# Bg eats at Christmas



## notnila (Apr 26, 2006)

In the "Baron Pentland" anchored off Beira, things were looking pretty bleak when it came to Xmas lunch.Four chickens,half a sack of sprouting spuds,a dozen equally sprouting onions and a few objects that could be loosely described as carrots.The Doc produced a dish called Fricasse of Chicken and fed a 38 man crew(plus the Captain's Wife).I distinctly remember enjoying it at the time,and I,ve never seen it since.I've always thought of it as a minor miracle!I've no idea what we lived on until the 2nd January when we eventually got alongside.
Do any members have similar memories of the Cook's ingenuity ?


----------



## tsell (Apr 29, 2008)

*The Cook's Ingenuity!*

SS Nurtureton 1952. We ran out of food some time after leaving Barahona for the Thames.

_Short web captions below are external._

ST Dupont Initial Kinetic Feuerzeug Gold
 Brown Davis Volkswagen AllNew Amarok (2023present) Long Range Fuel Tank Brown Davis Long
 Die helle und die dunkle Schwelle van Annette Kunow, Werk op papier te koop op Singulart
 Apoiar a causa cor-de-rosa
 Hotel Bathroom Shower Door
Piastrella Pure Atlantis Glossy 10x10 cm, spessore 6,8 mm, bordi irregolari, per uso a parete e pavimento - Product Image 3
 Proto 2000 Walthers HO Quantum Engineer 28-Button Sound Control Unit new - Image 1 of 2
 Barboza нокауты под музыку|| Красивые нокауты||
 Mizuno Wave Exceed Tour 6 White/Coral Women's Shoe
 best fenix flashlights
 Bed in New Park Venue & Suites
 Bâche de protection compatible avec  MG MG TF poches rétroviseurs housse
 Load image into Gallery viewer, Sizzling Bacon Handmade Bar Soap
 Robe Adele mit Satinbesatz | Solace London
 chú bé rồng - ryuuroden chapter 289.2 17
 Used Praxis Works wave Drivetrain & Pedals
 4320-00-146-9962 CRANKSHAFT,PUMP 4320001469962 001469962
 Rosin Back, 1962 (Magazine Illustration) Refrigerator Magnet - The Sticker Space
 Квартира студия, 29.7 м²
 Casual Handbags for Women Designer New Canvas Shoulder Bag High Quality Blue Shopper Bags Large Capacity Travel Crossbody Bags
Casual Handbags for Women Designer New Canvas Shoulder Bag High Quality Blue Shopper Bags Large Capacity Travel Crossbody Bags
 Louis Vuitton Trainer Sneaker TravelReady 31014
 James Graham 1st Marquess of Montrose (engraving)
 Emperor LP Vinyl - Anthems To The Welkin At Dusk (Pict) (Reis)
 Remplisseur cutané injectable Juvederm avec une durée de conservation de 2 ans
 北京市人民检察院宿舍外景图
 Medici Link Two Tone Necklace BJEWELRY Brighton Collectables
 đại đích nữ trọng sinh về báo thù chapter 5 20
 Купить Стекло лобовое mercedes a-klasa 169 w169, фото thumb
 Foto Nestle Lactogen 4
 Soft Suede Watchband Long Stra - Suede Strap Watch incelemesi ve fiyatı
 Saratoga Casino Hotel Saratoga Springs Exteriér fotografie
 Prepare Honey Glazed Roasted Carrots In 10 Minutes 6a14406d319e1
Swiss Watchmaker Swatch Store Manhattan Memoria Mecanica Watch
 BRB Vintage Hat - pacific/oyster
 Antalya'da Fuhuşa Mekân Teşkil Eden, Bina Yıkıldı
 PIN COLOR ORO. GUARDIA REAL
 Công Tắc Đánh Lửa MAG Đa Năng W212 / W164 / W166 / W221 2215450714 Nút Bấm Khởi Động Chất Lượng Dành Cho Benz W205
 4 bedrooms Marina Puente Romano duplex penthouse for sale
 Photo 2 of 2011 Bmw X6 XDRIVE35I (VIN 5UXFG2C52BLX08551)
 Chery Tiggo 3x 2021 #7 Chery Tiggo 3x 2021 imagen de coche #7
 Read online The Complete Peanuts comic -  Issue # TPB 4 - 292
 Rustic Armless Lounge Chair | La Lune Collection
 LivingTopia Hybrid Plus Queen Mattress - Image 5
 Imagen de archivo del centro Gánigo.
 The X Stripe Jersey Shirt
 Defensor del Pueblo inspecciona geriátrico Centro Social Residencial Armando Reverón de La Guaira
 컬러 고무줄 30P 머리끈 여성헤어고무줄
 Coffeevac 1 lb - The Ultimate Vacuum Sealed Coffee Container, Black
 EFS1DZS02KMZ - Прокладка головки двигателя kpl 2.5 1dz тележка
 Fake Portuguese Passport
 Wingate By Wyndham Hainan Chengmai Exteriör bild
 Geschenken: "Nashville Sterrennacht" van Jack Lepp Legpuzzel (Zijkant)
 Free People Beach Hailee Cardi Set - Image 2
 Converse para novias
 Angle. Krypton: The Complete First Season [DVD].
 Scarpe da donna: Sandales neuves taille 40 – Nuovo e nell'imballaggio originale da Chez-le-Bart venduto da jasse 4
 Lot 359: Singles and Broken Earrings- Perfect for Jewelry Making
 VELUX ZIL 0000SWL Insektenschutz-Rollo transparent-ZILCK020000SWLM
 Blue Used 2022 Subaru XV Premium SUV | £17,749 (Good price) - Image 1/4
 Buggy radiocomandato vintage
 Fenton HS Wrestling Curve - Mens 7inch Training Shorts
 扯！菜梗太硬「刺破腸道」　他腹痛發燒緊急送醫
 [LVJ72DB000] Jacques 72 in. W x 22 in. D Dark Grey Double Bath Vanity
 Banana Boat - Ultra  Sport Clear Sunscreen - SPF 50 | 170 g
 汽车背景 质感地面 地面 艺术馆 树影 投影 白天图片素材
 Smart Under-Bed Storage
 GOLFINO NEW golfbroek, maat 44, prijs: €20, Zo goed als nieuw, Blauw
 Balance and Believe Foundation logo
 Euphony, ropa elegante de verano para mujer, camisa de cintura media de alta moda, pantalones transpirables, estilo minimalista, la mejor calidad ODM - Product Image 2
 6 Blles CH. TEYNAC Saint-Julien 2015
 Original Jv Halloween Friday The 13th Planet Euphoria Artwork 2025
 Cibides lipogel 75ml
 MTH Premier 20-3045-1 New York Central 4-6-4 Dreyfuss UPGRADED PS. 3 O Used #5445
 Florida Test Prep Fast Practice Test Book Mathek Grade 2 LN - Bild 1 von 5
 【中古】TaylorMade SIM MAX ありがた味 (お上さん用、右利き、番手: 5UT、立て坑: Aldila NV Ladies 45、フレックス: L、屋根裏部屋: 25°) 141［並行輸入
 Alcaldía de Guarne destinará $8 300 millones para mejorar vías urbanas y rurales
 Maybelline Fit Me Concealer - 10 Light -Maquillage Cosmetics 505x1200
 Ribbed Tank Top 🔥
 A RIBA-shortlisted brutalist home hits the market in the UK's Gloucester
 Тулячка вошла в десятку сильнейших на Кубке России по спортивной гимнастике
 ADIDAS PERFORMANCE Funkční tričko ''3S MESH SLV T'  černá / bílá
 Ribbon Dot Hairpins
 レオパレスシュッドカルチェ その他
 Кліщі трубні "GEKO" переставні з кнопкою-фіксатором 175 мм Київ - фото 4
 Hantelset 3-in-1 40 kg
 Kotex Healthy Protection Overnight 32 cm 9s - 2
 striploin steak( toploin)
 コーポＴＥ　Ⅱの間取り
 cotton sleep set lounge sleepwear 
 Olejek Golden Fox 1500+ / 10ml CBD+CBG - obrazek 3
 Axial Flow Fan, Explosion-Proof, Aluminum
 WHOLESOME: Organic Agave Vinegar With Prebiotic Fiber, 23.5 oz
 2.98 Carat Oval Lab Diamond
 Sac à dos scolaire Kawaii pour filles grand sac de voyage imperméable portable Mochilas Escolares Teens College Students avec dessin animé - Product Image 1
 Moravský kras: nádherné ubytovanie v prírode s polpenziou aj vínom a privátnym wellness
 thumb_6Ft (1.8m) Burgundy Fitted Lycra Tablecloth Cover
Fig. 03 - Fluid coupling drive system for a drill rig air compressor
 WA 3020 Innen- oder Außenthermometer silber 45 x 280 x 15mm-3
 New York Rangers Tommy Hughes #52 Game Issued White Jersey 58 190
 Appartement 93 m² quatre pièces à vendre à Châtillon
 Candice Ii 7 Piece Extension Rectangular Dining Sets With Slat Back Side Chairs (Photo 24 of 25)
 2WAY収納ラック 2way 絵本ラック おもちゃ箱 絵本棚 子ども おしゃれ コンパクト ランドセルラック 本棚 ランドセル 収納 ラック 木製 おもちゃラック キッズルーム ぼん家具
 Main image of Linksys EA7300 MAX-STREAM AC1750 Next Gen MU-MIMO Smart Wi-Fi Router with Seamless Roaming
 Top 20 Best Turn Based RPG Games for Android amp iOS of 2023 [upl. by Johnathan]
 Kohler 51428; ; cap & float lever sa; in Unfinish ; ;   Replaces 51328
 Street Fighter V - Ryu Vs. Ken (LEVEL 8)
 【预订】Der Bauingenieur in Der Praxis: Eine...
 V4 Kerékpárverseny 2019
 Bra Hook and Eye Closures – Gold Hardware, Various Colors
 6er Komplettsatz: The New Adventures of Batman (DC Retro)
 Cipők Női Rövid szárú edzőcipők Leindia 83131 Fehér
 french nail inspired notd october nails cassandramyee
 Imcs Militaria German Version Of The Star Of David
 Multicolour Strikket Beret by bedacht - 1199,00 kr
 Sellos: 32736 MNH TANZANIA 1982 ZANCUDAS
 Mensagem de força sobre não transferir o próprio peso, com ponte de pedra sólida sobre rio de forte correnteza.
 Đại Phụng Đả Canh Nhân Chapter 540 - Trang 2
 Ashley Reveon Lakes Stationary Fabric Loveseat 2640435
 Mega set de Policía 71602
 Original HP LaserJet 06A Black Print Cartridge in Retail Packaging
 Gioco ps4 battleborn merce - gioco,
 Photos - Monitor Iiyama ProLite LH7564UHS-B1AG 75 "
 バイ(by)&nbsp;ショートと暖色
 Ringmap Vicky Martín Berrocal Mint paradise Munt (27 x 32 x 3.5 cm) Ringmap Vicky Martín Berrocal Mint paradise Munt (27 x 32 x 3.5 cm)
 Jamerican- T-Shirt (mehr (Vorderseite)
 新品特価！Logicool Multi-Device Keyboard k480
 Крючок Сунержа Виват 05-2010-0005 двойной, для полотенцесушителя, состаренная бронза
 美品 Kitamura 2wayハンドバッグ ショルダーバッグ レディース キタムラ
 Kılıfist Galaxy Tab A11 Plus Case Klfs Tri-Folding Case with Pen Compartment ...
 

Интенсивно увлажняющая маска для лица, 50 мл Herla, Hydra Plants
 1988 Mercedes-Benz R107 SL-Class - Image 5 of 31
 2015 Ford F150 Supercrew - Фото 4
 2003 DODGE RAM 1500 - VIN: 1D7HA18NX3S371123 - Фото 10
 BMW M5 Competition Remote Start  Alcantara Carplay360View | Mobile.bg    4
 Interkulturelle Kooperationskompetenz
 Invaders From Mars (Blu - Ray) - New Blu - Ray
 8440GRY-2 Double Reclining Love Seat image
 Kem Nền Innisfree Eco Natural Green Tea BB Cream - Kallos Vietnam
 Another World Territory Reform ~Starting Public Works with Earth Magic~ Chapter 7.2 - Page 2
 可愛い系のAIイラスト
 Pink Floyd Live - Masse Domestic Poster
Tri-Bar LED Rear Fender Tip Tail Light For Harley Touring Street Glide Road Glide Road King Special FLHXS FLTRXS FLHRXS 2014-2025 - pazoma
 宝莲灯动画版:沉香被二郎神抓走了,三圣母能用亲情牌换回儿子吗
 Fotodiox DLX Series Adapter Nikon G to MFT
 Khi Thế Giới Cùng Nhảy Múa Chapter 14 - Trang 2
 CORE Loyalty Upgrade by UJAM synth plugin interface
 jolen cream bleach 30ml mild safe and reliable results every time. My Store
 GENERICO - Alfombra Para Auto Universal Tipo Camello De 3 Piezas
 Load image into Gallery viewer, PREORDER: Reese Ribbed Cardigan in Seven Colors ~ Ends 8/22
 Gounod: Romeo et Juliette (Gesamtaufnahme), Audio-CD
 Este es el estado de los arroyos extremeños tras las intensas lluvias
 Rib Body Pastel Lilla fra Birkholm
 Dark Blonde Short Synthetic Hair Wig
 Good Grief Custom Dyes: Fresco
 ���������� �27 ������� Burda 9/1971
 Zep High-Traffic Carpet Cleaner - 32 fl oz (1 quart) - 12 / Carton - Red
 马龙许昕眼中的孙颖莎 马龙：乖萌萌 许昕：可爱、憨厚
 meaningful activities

We had plenty of fruit which the crew had brought aboard, but there was little else apart from sacks of white haricot beans.

Close to mutiny, the cook had to dream up meals which would make our them somewhat palatable.

So he dished up savoury haricot beans, curried beans, bean soup, beans grilled with bananas and tomato sauce, beans with pepper and Parmesan, beans in sauce with grated coconut, bean casserole with molasses, deep fried bean balls with rice, mashed beans with spices and so on.

Believe me he was a genius, but he created a lot of wind!

Never eaten them since!!

Taff


----------